DEXTRO AND LEVOROTATORY ISOMERS OF N-PHENYLISOPROPYLADENOSINE - STEREOSPECIFIC EFFECTS ON CYCLIC AMP-FORMATION AND EVOKED SYNAPTIC RESPONSES IN BRAIN-SLICES

The stereoisomers of N6-phenylisopropyladenosine elicit accumulations of cyclic AMP in brain slices via interaction with adenosine-receptors. The response in guinea pig cerebral cortical slices and in rat hippocampal slices is blocked by theophylline and potentiated by biogenic amines. A chelator, EGTA, potentiates the response to phenylisopropyladenosine in guinea pig cerebral cortical slices.
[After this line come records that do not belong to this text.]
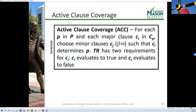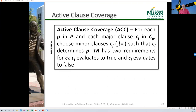This leads us to active clause coverage. For each predicate, and for each clause iteratively selected as the major clause, choose minor clauses so the major clause determines the predicate. Then we have two requirements: the major clause must evaluate to true, and the major clause must evaluate to false. Because the major clause determines the predicate, changing it will also force the predicate value to change.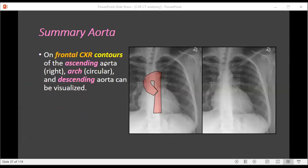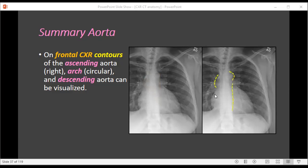On a frontal chest X-ray, we can see portions of the ascending aorta — not all of its outline, but portions — as well as portions of the aortic arch and the descending thoracic aorta.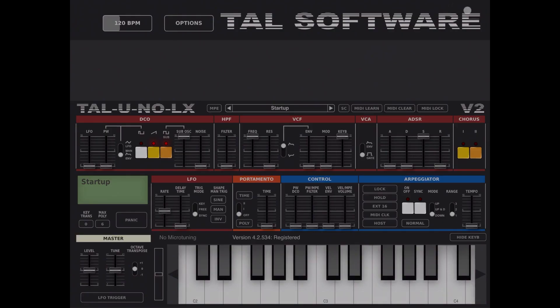Hi everybody, welcome to a new series of tutorials on TAL Uno LX from TAL Software. It's been recently released and ported to iOS, which is great news. It does not use samples — it actually properly emulates different synths and hardware, and it's really great if you want to recreate those 80s sounds.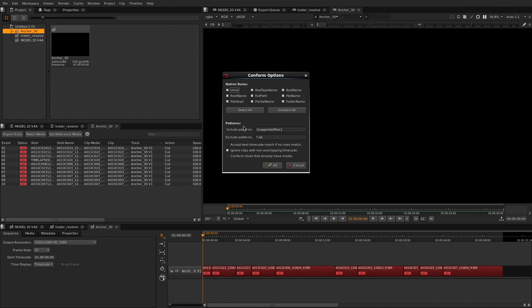The conforming options give you the most common possibilities to match the media to your edit, but as always with Nuke you can expand them via Python to any custom naming or metadata.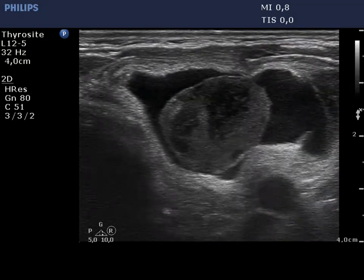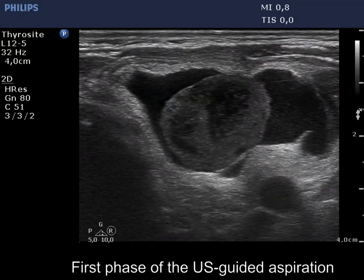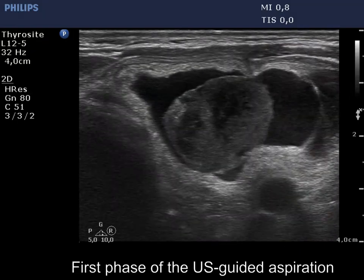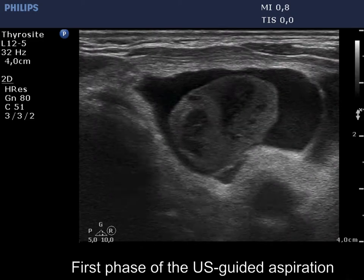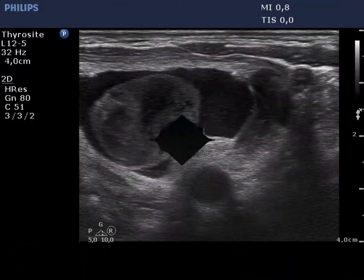Now, the phase of aspiration begins. The continuous shrinkage of the nodule is evident.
The 1-isomer (EC50 25 μM) is four- to five-fold more potent than the d-isomer in eliciting accumulations of cyclic AMP in brain slices. In a rat coronal hippocampal slice in vitro, 1-phenylisopropyladenosine (IC50 ∼ 0.7 μM) reduces the amplitude of evoked synaptic responses generated via a monosynaptic pathway to the CA1 pyramidal neurons. The d-isomer is nearly one hundred-fold less potent. Thus, the adenosine-receptors involved in the electrophysical response appear much more stereoselective for the 1-isomer of phenylisopropyladenosine than the adenosine-receptors involved in cyclic AMP-generation in brain slices. © 1979.